Directions for this task: Nothing outside the range is to be copied. From the entries below, reproduce exactly the lines starting at the one with "a sunlit field" and ending at the one with "Back porch of", without pictures.

Data supplied:
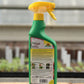 Eine grüne Neudorff BioKraft Grundstoff Brennnessel 500 ml Sprühflasche mit gelbem Abzug steht auf Holz, Rückenetikett sichtbar, inmitten unscharfer Gewächshauspflanzen - ideal für natürlichen Pflanzenschutz gegen Blattläuse.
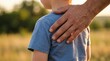 © Margarita - Adult hand resting on child's shoulder in a sunlit field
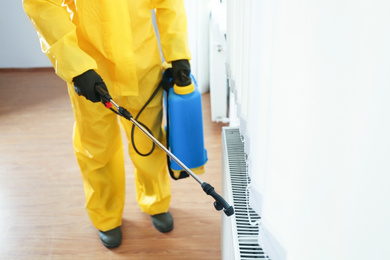 Photo of Pest control worker in protective suit spraying pesticide indoors, closeup. Space for text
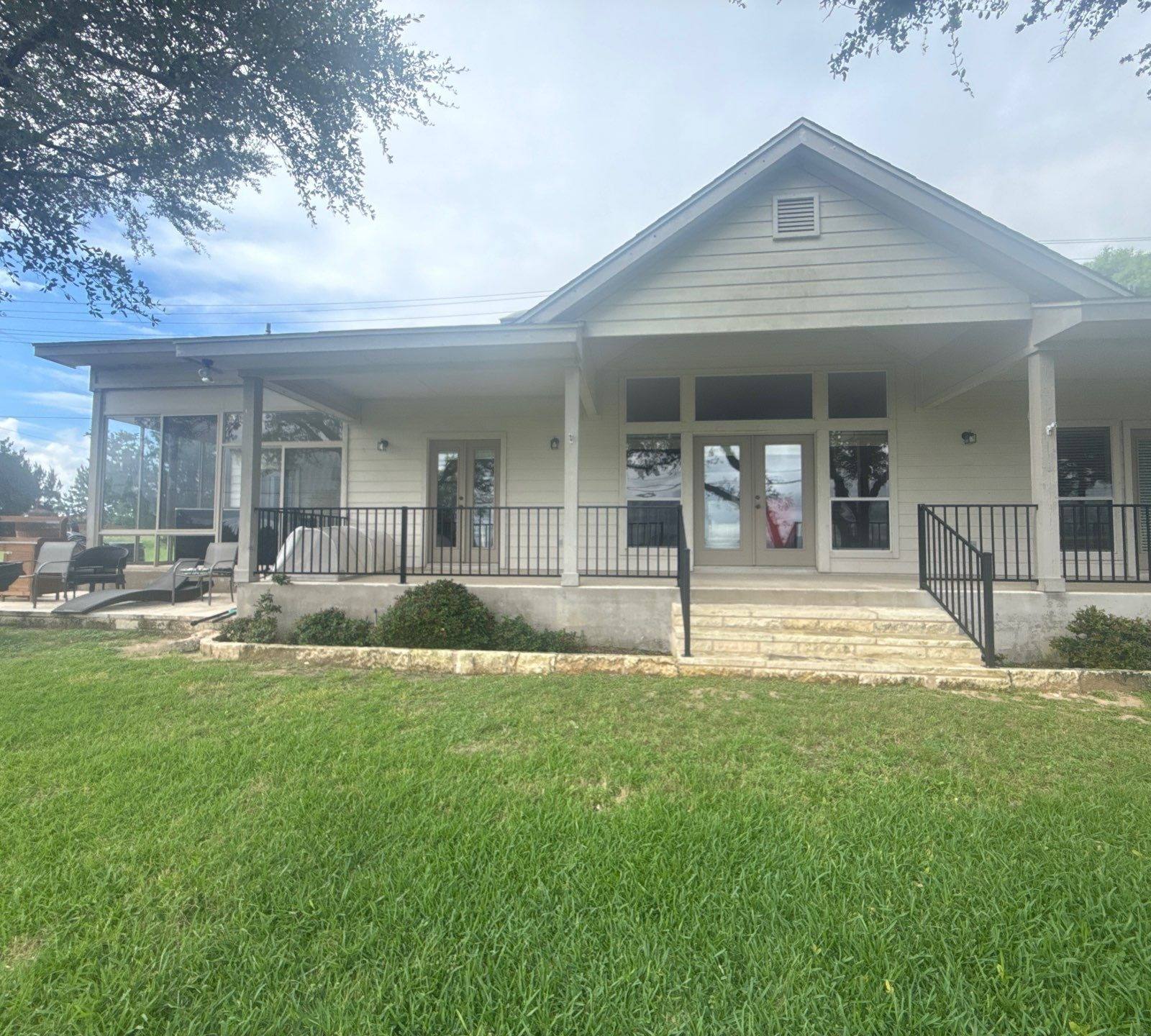 Back porch of a home on Boggy Ford Rd in Lago Vista, TX ahead of exterior painting by Hill Country Painting
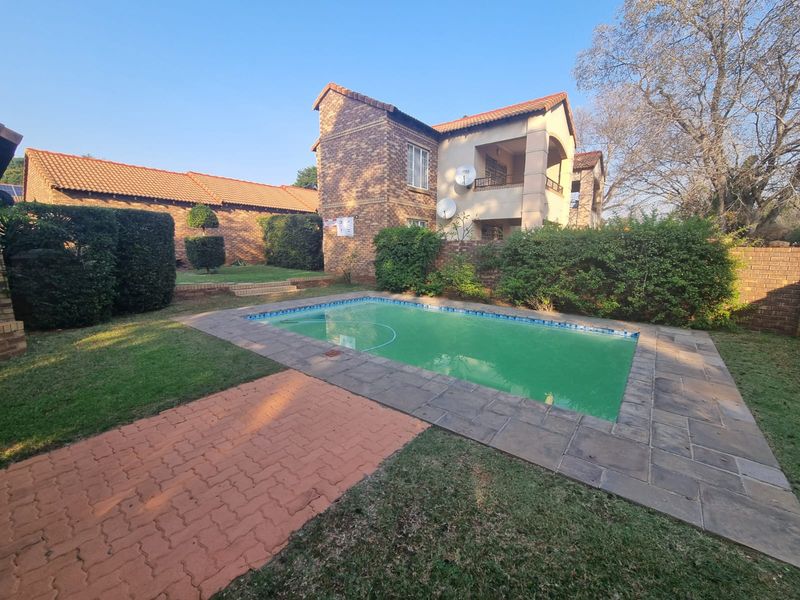 A private swimming pool area set within a landscaped garden, featuring brick paving and views of the townhouse exterior facade.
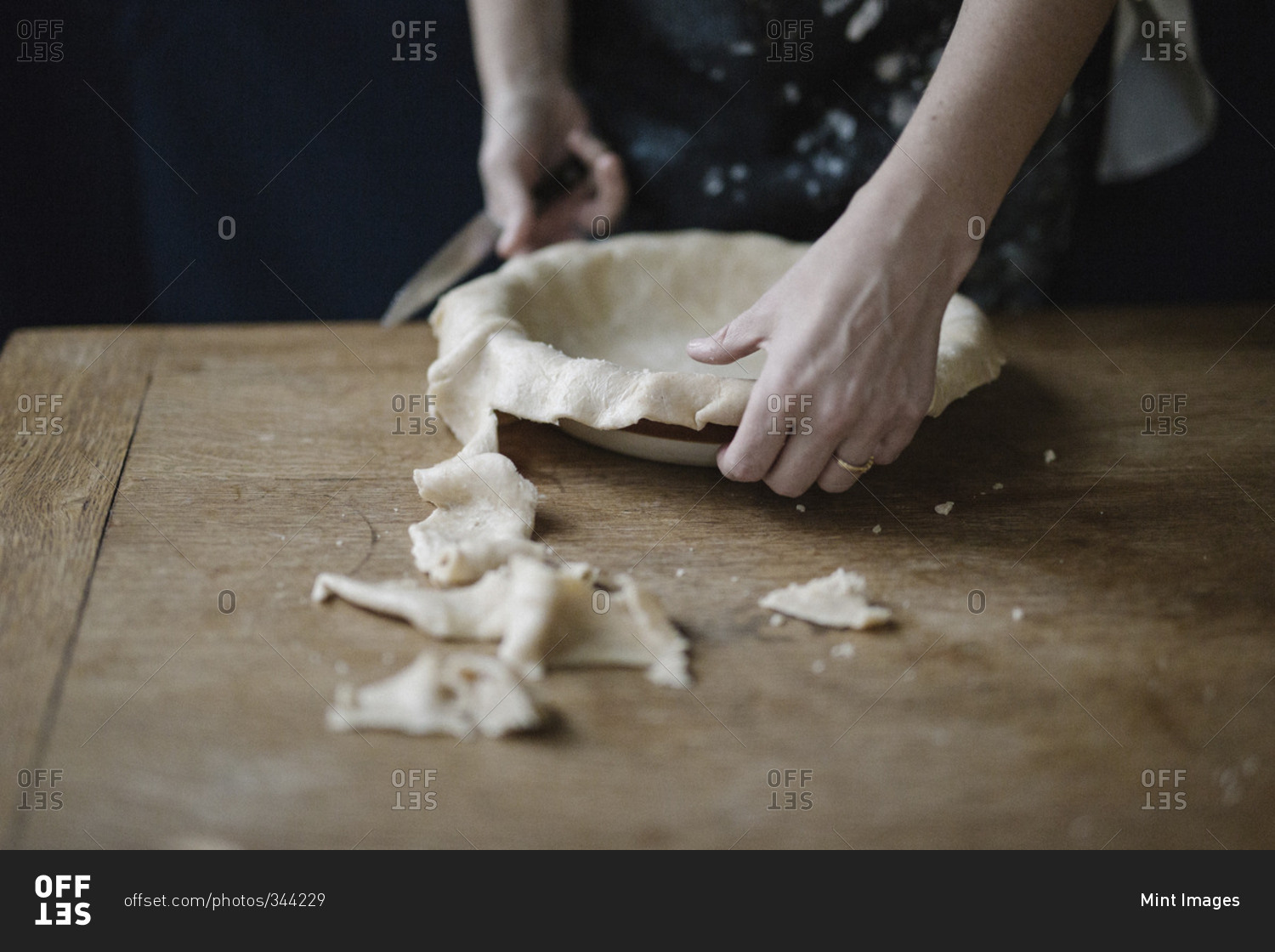 A woman trimming pastry dough to line a pie dish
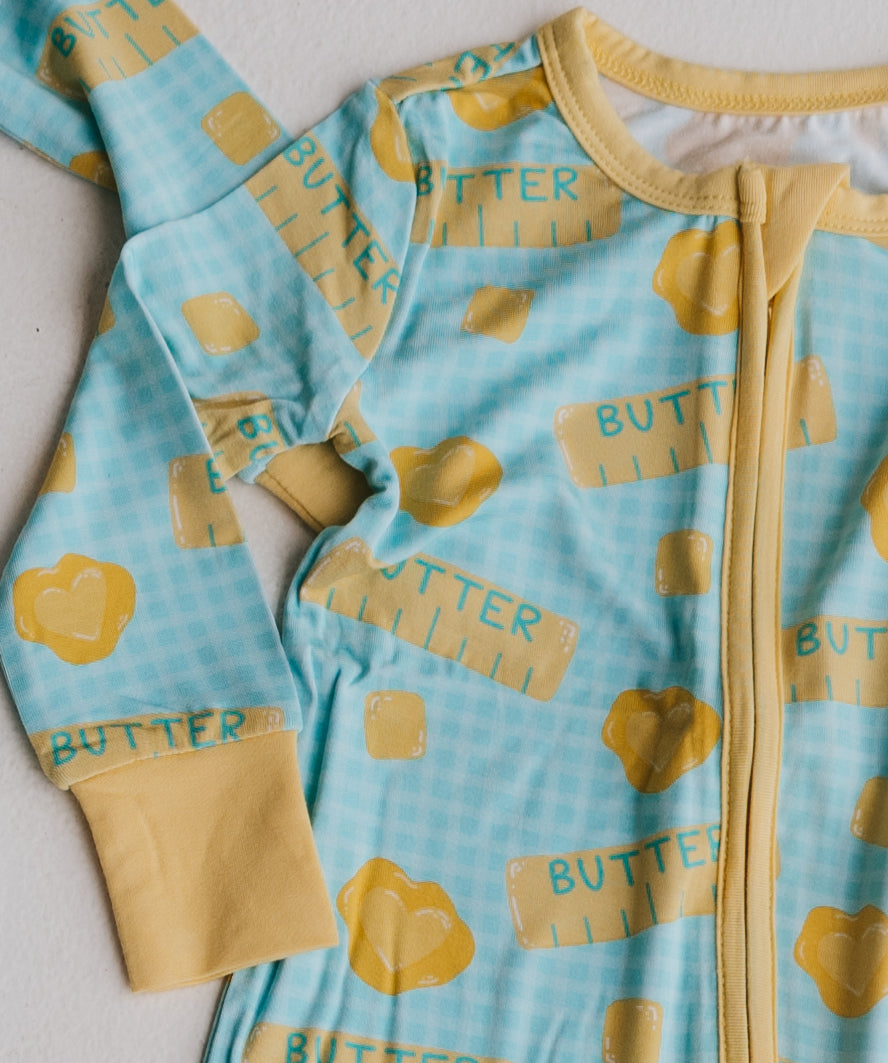 A baby long-sleeve zip-up sleeper in light blue with a gingham pattern and yellow butter-themed print, featuring yellow cuffs and a yellow zipper.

Output below:
 © Margarita - Adult hand resting on child's shoulder in a sunlit field
 Photo of Pest control worker in protective suit spraying pesticide indoors, closeup. Space for text
 Back porch of a home on Boggy Ford Rd in Lago Vista, TX ahead of exterior painting by Hill Country Painting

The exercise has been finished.